Installing Packages and Libraries

Cloudera Data Science Workbench engines are preloaded with a few common packages and libraries for R, Python, and Scala. However, a key feature of Cloudera Data Science Workbench is the ability of different projects to install and use libraries pinned to specific versions, just as you would on your local computer..
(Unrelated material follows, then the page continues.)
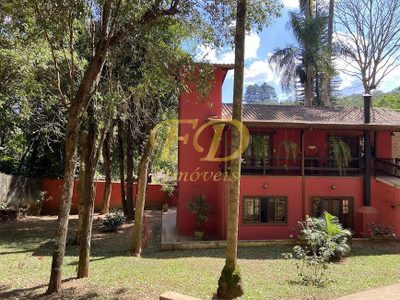 Chácara, 3 quartos, 1900 m² - Foto 3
You can install additional libraries and packages from the workbench, either using the command prompt or terminal. You only need to install libraries and packages once per project. From then on, they are available to any new engine you spawn throughout the lifetime of the project.

To install a package:

  1. Launch a session in your favorite language.
  2. At the command prompt in the bottom right, enter the command to install:

R

# Install from CRAN 
install.packages("ggplot2") 

# Install using devtools 
install.packages('devtools') 
library(devtools) 
install_github("hadley/ggplot2") 

Python 2

# Installing from console using ! shell operator and pip:
!pip install beautifulsoup

# Installing from terminal
pip install beautifulsoup

Python 3

# Installing from console using ! shell operator and pip3:
!pip3 install beautifulsoup

# Installing from terminal
pip3 install beautifulsoup

Cloudera Data Science Workbench does not currently support customization of system packages that require root access. However, Cloudera Data Science Workbench site administrators and project administrators can add libraries and other dependencies to the Docker image in which their engines run. See Customizing Engine Images.